La pratique des espaces sécurisants organisés n’est pas quelque chose qui a été développé dans une bulle théorique isolée. Elle a progressé grâce à l’action de milliers de groupes à la recherche de moyens pour expliquer les problèmes qu’ils avaient travaillé à résoudre dans leurs propres communautés, puis ayant partagé les meilleures pratiques développées avec d’autres. Dans ce travail, le texte “Taking Risks: Implementing Grassroots Community Accountability Strategies”écrit par un collectif de Femmes de Couleur des Communautés Contre le Viol et les Abus (CARA) a été fondateur. Les idées exposées dans ce travail peuvent être considérées comme la base d’ une grande partie de ce qui est mis en place aujourd’hui dans nos centres sociaux, salons du livre, groupes et forums internet. Des collectifs pour l’organisation d’espaces sécurisants ont vu le jour afin de donner des conseils et d’aider d’autres groupes sur ce sujet. Les organisations qui ne démontrent pas qu’elles prennent au sérieux les problèmes des groupes opprimés sont fort susceptibles de se retrouver boycottées, mises à l’écart ou tout simplement incapables de se développer au-delà d’un public principalement blanc, mâle, valide, hétérosexuel, et cisgenre; tandis que celles qui travaillent à la mise en place d’espaces pour offrir le soutien demandé relèveront le défi et prendront leur place.

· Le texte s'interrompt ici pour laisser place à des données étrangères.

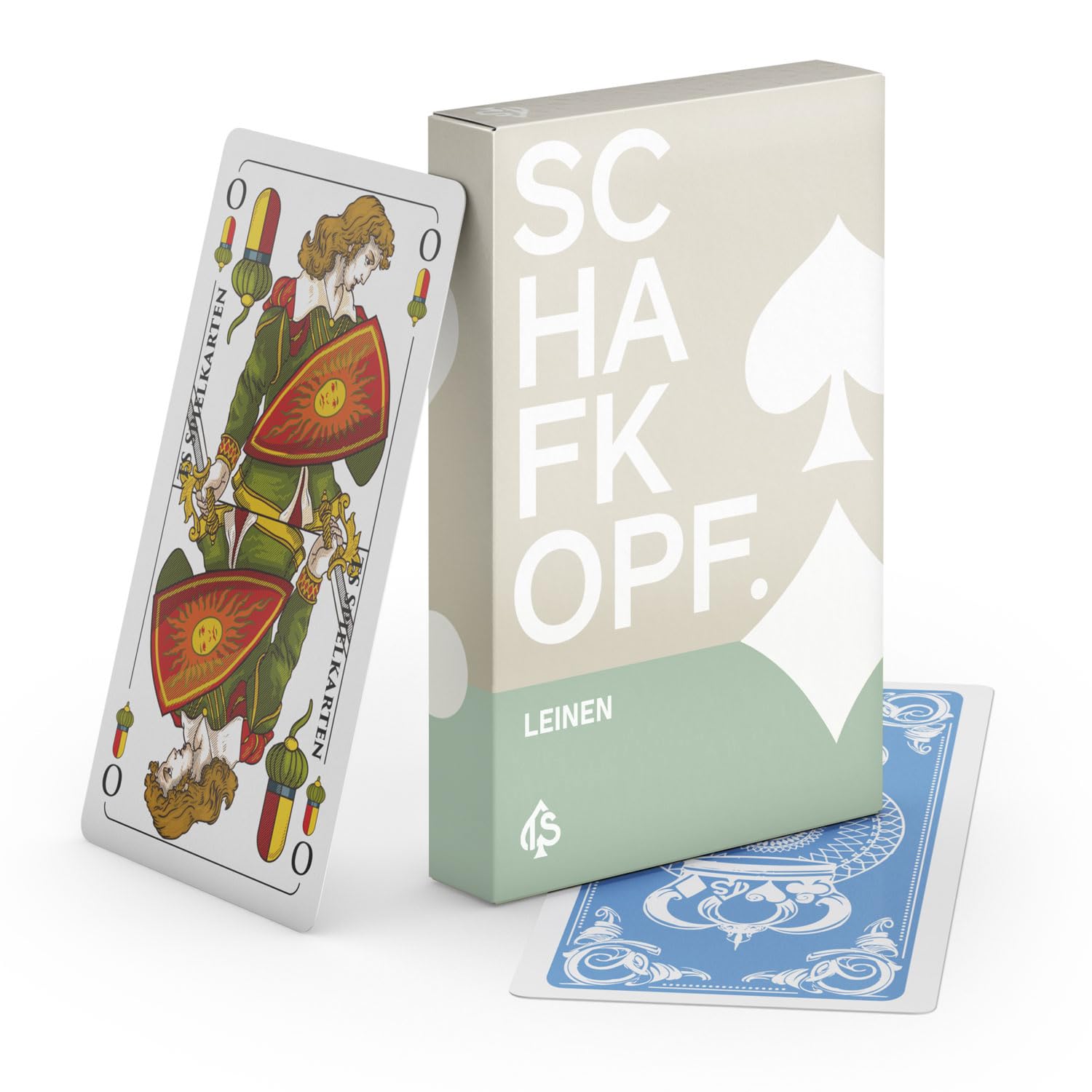 Sheephead Cards Linen Bavarian Wipe Clean + Durable Bavarian Leaf Sheephead Cards (Tarock + Binocel), Original TS Playing Cards (5 x Playing Cards)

Alors que l’objectif initial des processus de sécurisation des espaces est de fournir une responsabilité communautaire guidée par les survivant-es, nous savons que beaucoup de pistes que nous suivons devront être corrigées et affinées au fur et à mesure que nous avancerons. En apprenant de nos erreurs nous pouvons faire progresser notre théorie dans la réflection des réalités des oppressions ainsi que dans la compréhension de leur fonctionnement. La théorie s’améliorant, les structures que nous mettons en place à partir d’elle seront aussi plus à même de répondre aux oppressions de manière forte et efficace. Les espaces sécurisants organisés ne sont pas le pays magique du lait (de soja) et du sirop de fraise, parfaits à tout point de vue. Nous devons rester conscients que notre pensée peut receler des écueils et reconnaître toutes difficultés inattendues avant de pouvoir les surmonter.

Ce cycle fondé sur l’amélioration de la théorie à partir de la pratique et l’amélioration de la pratique à partir de la théorie nous emmène au delà de la simple protection de nos communautés et commence à avancer vers la mise en place pour l’avenir d’une forme de justice qui puisse un jour réintégrer les auteurs d’abus. Les processus et besoins de nos communautés et, plus important encore, des survivant-es peuvent ne pas être satisfaits en l’espace de toute une vie; mais cela ne veut pas dire que nous devons systématiquement exclure de manière définitive. Comme il a été mentionné précédemment, les auteurs des actes les plus horribles dans notre société ne sont généralement pas des bêtes sauvages ou des monstres. Ils sont humains, et en tant qu’anarchistes nous devrions nous orienter vers leur bien-être, simplement, jamais au détriment de quelqu’un d’autre.